Short descriptive text snippets:
▬▬▬▬▬▬

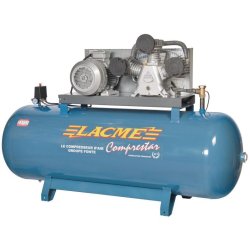 Compresseur 500 litres lacmé : comprestar 55w500t - 303373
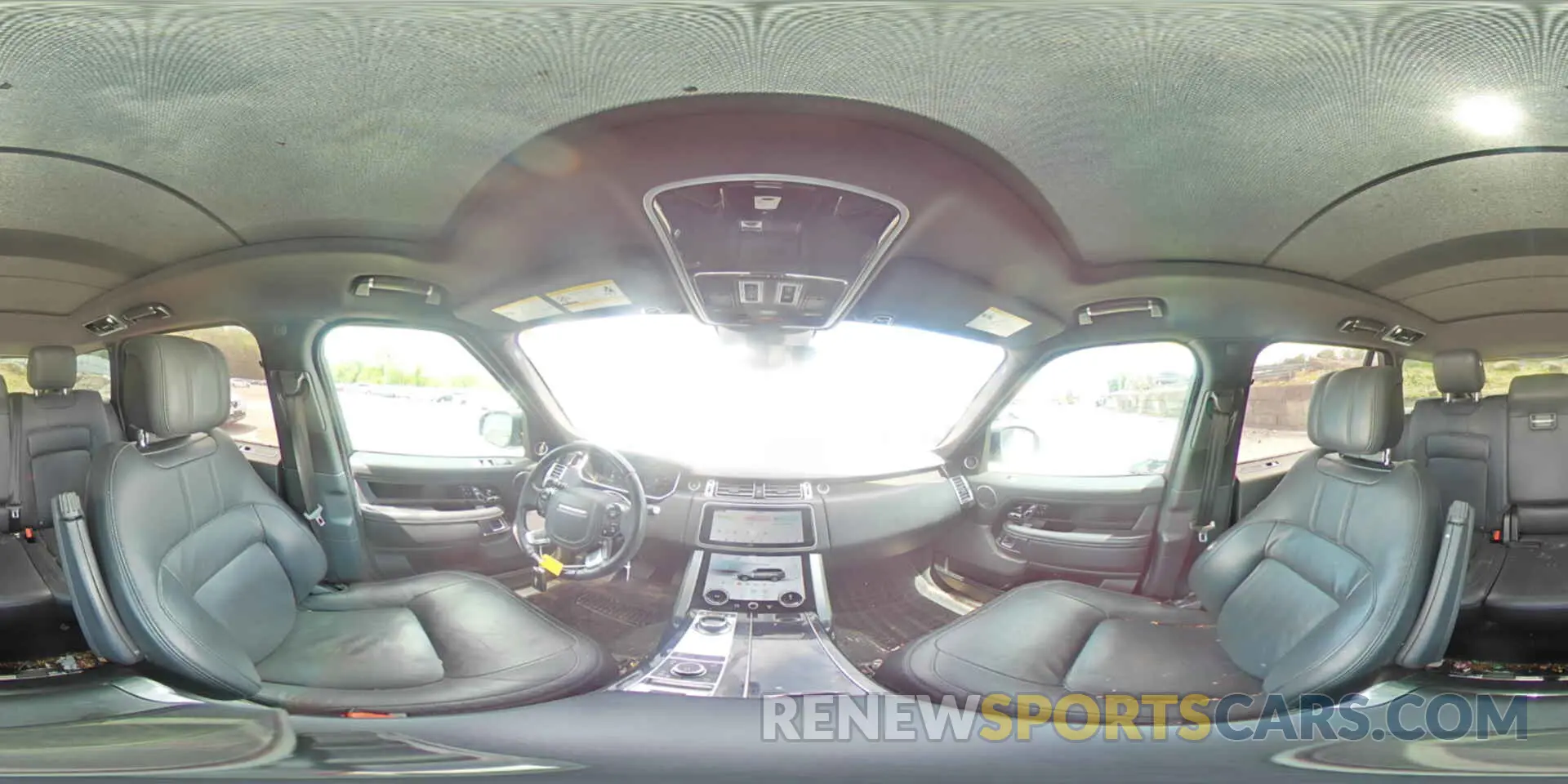 15 Photograph of a damaged car SALGS2SV2KA557981 LAND ROVER RANGEROVER 2019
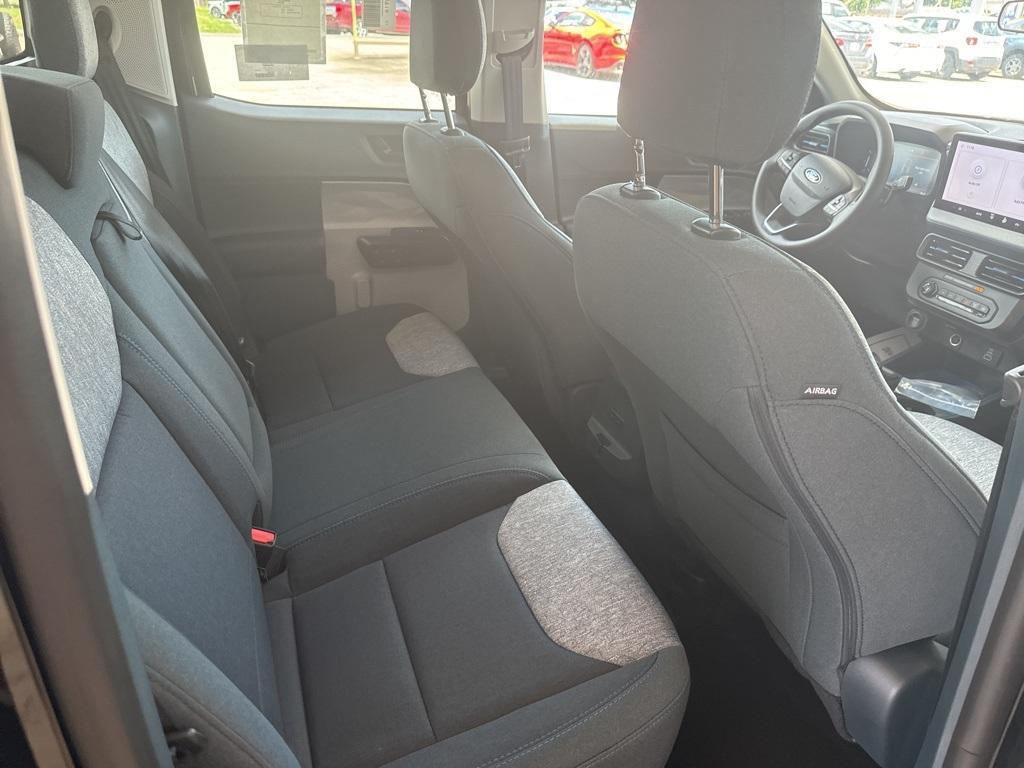 new 2025 Ford Maverick car, priced at $31,563
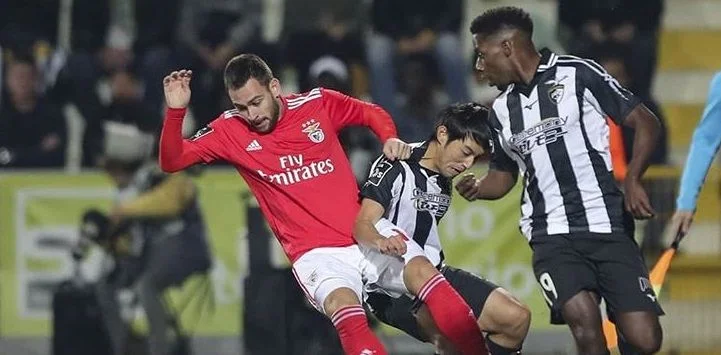 Портимоненси - Морейренсе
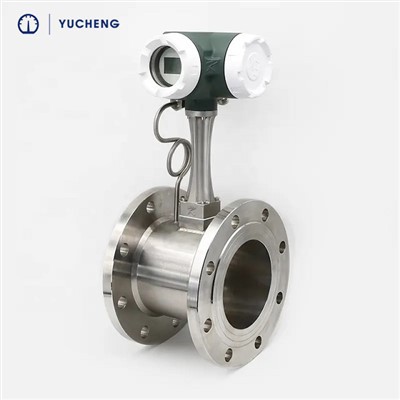 DN15-DN200 Intelligent Gas Precession Vortex Flowmeter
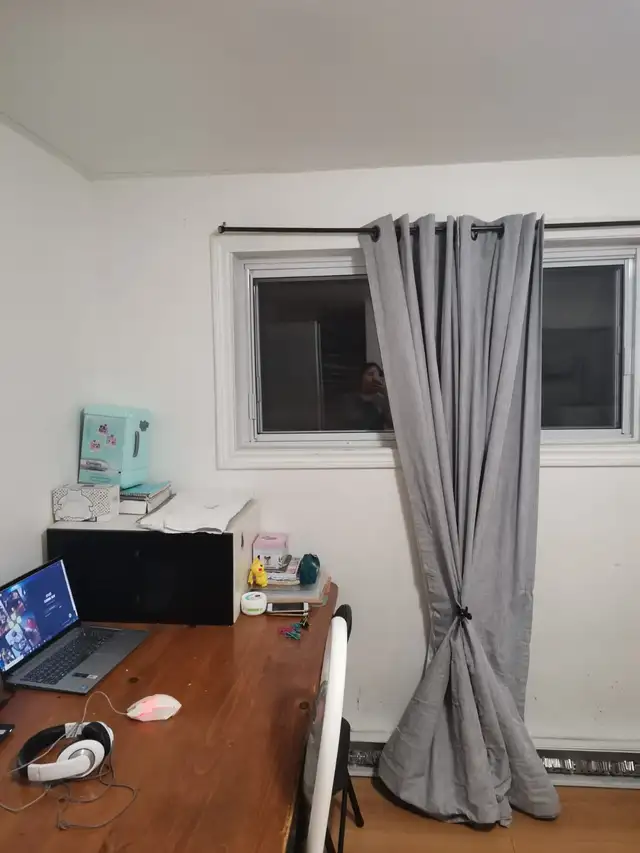 3 1/2 à louer 1er juillet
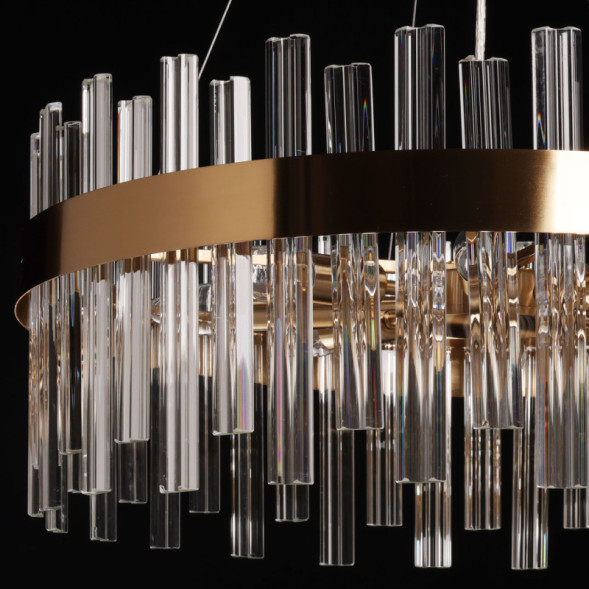 Подвесная люстра MW-Light Аделард 642018508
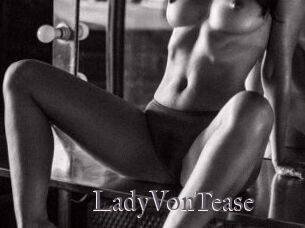 LadyVonTease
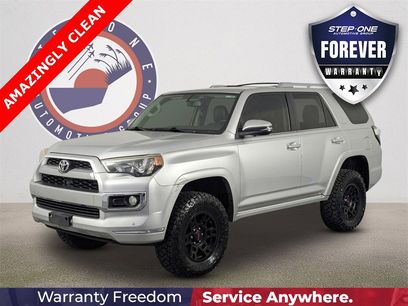 Used 2015 Toyota 4Runner Limited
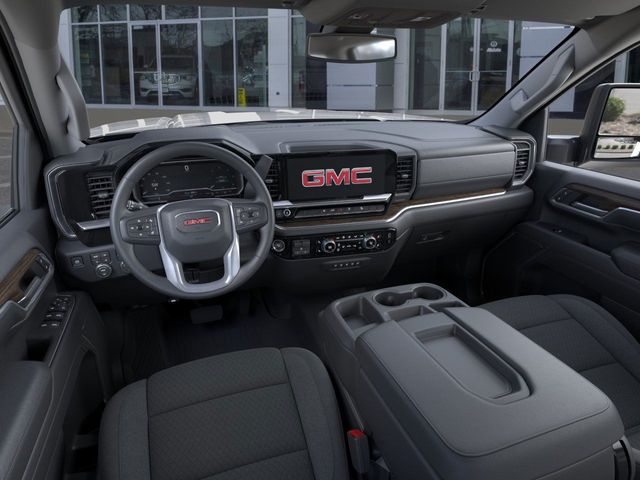 2025 GMC Sierra 2500HD SLE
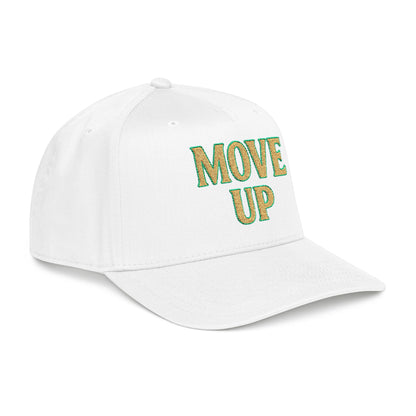 Move Up - Mid Profile Baseball Cap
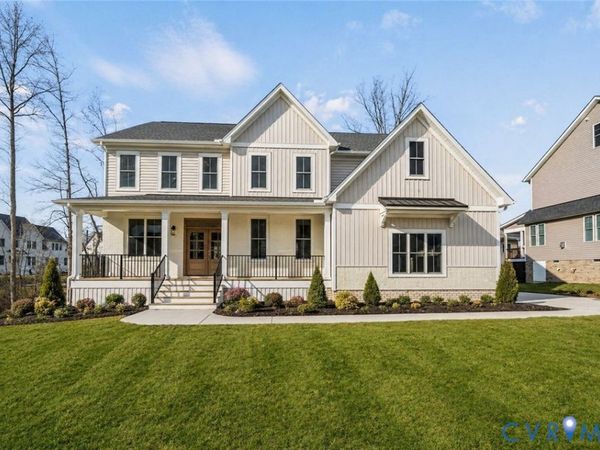 5113 Singing Bird Drive , Moseley, VA 23120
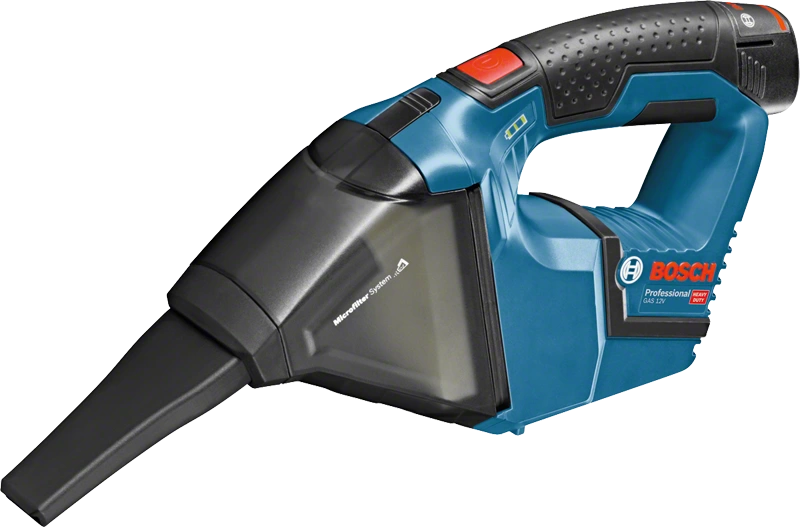 Máy thổi gió, hút bụi 12V BOSCH GAS 12 (SOLO)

▬▬▬▬▬▬

**WHAT THE EXERCISE ASKS**
The copy must start at the line containing "Used 2015 Toyota 4Runner Limited" and end at the last line of the records, matching each line exactly and holding no pictures.

**RESULT FOR THIS TASK**
 Used 2015 Toyota 4Runner Limited
 2025 GMC Sierra 2500HD SLE
 Move Up - Mid Profile Baseball Cap
 5113 Singing Bird Drive , Moseley, VA 23120
 Máy thổi gió, hút bụi 12V BOSCH GAS 12 (SOLO)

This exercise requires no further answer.